● Prompt:
Return exactly the run of lines that begins at the line containing "work break. 141758979" and ends at the last line of the material below; pictures stay out.

***** Data excerpt

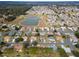 An aerial view of a community with a pond, showcasing well-maintained homes and landscaping at 8447 Se 137Th Loop, Summerfield, FL 34491
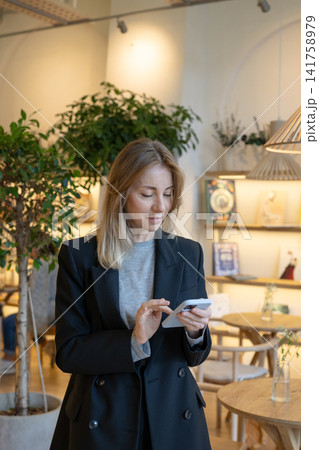 Positive successful business woman restaurant manager texting on smartphone during work break. Positive successful business woman restaurant manager texting on smartphone during work break. 141758979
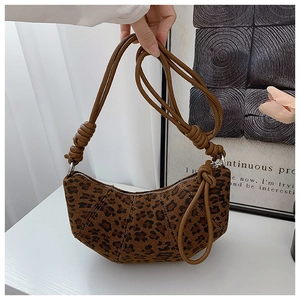 Detail of leopard print crescent bag featuring braided rope shoulder strap and knot design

**********

● Reply:
 Positive successful business woman restaurant manager texting on smartphone during work break. Positive successful business woman restaurant manager texting on smartphone during work break. 141758979
 Detail of leopard print crescent bag featuring braided rope shoulder strap and knot design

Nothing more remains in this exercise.